Wednesday, February 27, 2013

Less game than "Sophie's Choice"

(I will stop doing this, but: recommended soundtrack for this post, Alan Partridge-style:)




For those of you looking for information about Turkish burial customs, this is probably going to be one to skip.

So: those of you who know me well know that, in 2001, I was chosen by the United Nations Educational, Scientific and Cultural Organization (UNESCO) as the World's Least Successful Heterosexual. (And, for those of you who point out that I've been making this same joke for a while, I say: it was quite an honor.) Anyway, although I generally try not to make this the exclusive topic of my conversation--anymore--I do occasionally so distinguish myself in such a way that I feel I should share it with a wider public.

The semi-screenplay version: the local hipermarket. Vegetable-weighing counter. An attractive young person says "Michael!" I look confused. "We met at the American embassy thing!"

Ah, yes--the embassy thing! I remember vaguely. But an attractive person is saying hello to me. So, naturally, my instincts run in two directions. Firstly direction: I say, pompously, "remind me again what department you work in?" Such a charming thing to say! Not at all like I was raised on a woman-less ice floe! Bear in mind that I have no idea what this person's name is, so I decide to relate things back to work, like the charmless drone that I am.

But! I get an answer! This conversation could continue!

Obviously--obviously, even--this cannot be allowed to happen. So, instinctively, through some long-dead lizard-brain instinct, I say "Well, nice to see you again!" as though she had just announced that, since she had stopped taking her pills, she could taste Jesus when she saw clouds. I shut things down like Seal Team 6. And then I wander the hell off, rudely--that Coca Cola Light isn't going to buy itself, apparently. I then spend the next few minutes sadly watching this person wander around the store, before she--to paraphrase my rnb doppleganger, Ne-Yo--faded into the background. There was no further meet-cute opportunity. I was left to my shame and sparkling water.

Anyway, another day in the life.

Friday, February 22, 2013

Some last days of disco

(Belated soundtrack for this post...)

So, this is actually some months ago, but nevertheless a little vignette of Turkish life.

My beneficent employer is built into the side of a hill. When I'm completely well and organized enough to be on time, this is great: I have a thirty-minute walk up a hill every morning, and a lovely view when I get there. Were you here to cup my vigorous thighs, you would be impressed.

Towards the end of last semester, however, I was shamefully running late to a class--we're talking a 1:20 departure for a 1:40 class, something not really ideal in the physical universe in which we live. The sad truth is, reader, that I had to use one of the ubiquitous university cabs to ferry me up the side of what I just actually wrote as "the side of the mountain." (It is not a mountain--it is a small hill. Nevertheless.)

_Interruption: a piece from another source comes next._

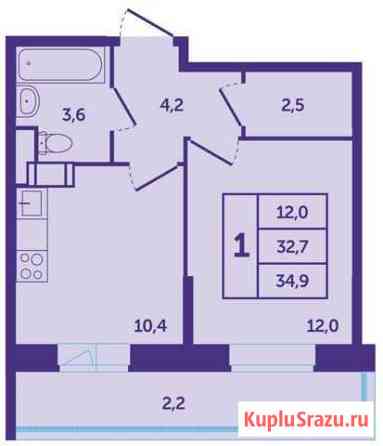 1-комнатная квартира, 35 м², 16/17 эт. на продажу в Красногорске Московской области Красногорск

Speaking of commanding heights, I've mentioned before the extent of my Turkish skills, which were actually quite a bit worse back then. To add to the fun, I instinctively seem to look foreign to most Turkish people. From my cabdriver, I heard what I also hear from, say, mall security guards, bus drivers, random people in the street, etc.: "Where are you from?" Which is a perfectly nice, welcoming sort of thing to say--I'm not complaining about that, or at least about the spirit behind it. I will say that after a few months, one does sort of begin to feel rather more exotic than one probably should feel, given (as I've mentioned before) how close one lives to a Dockers store.

Now, at this point, I didn't speak very much Turkish at all--I couldn't even properly say "Kanadalıyım," a very basic way of saying "I am Canadian." (I'll practice my Turkish, possibly making a grammatical error, and inform you that saying "Kanada'dan geliyorum" would also be acceptable--although that means "I am coming from Canada." Additional verb tenses as lessons permit.) So it took me a couple of tries even to establish that I was from Canada ("Canada. Canada! Canada?"), of which my driver approved. We were, even on our short trip, deep in smile-and-nod territory. But I was trying to be friendly, and he was trying to be friendly, and we were nearly 1/3 of the way up the hill. This could be a successful social outing!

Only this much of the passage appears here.